Réunion du jeudi 23 mai 2024 à 10h00
Commission d'enquête sur les manquements des politiques de protection de l'enfance

Caroline Nisand, directrice de la protection judiciaire de la jeunesse :

Comme vous, nous constatons que les acteurs du secteur travaillent en silos et que leur articulation est insuffisante. Le principe de subsidiarité n'est pas respecté, ce qui occasionne une judiciarisation excessive de la protection de l'enfance. En principe, pourtant, l'autorité judiciaire ne devrait intervenir que de manière résiduelle dans ce domaine. Or plus de 80 % des mineurs bénéficient d'une prise en charge sur décision judiciaire ; ce n'est pas sans conséquences sur le fonctionnement de la justice, ni sur les mesures proposées.

Les mesures ordonnées par l'autorité judiciaire sont mises en œuvre bien trop tardivement, voire ne sont pas exécutées – c'est dramatique. Cela conduit à demander à la PJJ des mesures d'investigation éducative, pour s'assurer que des éducateurs se rendent dans les familles et suivent les mineurs. Ces effets collatéraux sont régulièrement dénoncés par les magistrats des mineurs.
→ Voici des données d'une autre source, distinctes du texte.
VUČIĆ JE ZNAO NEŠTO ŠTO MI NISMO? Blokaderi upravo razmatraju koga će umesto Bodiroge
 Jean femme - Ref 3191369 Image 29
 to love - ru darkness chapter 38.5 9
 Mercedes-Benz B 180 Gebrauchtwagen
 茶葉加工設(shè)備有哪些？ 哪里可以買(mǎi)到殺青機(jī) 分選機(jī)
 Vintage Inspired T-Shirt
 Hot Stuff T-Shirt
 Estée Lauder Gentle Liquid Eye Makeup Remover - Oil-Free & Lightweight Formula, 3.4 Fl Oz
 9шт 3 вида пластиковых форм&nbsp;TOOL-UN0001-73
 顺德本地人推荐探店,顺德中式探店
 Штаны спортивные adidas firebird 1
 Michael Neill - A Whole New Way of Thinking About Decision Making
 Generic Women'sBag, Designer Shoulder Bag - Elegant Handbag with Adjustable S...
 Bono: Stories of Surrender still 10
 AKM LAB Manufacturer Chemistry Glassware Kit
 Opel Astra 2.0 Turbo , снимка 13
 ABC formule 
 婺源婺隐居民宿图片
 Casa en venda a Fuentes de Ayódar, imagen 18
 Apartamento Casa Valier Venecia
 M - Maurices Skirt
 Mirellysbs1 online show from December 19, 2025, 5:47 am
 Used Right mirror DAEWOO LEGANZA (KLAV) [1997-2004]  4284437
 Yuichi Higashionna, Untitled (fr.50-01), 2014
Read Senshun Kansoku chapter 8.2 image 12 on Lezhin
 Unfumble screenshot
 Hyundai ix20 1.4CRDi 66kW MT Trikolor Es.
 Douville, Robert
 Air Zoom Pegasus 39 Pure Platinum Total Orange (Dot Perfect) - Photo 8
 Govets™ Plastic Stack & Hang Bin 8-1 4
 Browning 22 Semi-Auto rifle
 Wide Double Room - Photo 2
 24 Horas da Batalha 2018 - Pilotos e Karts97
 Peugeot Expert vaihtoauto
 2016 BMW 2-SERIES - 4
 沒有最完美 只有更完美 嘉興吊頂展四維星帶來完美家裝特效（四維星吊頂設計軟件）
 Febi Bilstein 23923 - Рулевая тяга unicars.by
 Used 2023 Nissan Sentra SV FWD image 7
Le manque de places d'accueil a aussi des conséquences sur les décisions de l'autorité judiciaire : la solution optimale – placement, suivi en milieu ouvert – ne peut pas nécessairement être retenue.

Nous souffrons aussi d'un manque criant de statistiques uniformisées, qui permettraient de juger de l'efficacité de cette politique publique. Nous disposons, d'une part, des statistiques des départements, qui ne sont pas harmonisées, et d'autre part, de celles, très limitées, du ministère de la justice – le tout, sans interopérabilité. Le logiciel Parcours que nous déployons actuellement devrait nous offrir une meilleure visibilité, mais son implémentation demandera plusieurs années et implique une refonte des dispositifs de remontée des données. Là encore, nous sommes dépendants des crédits qui nous sont alloués.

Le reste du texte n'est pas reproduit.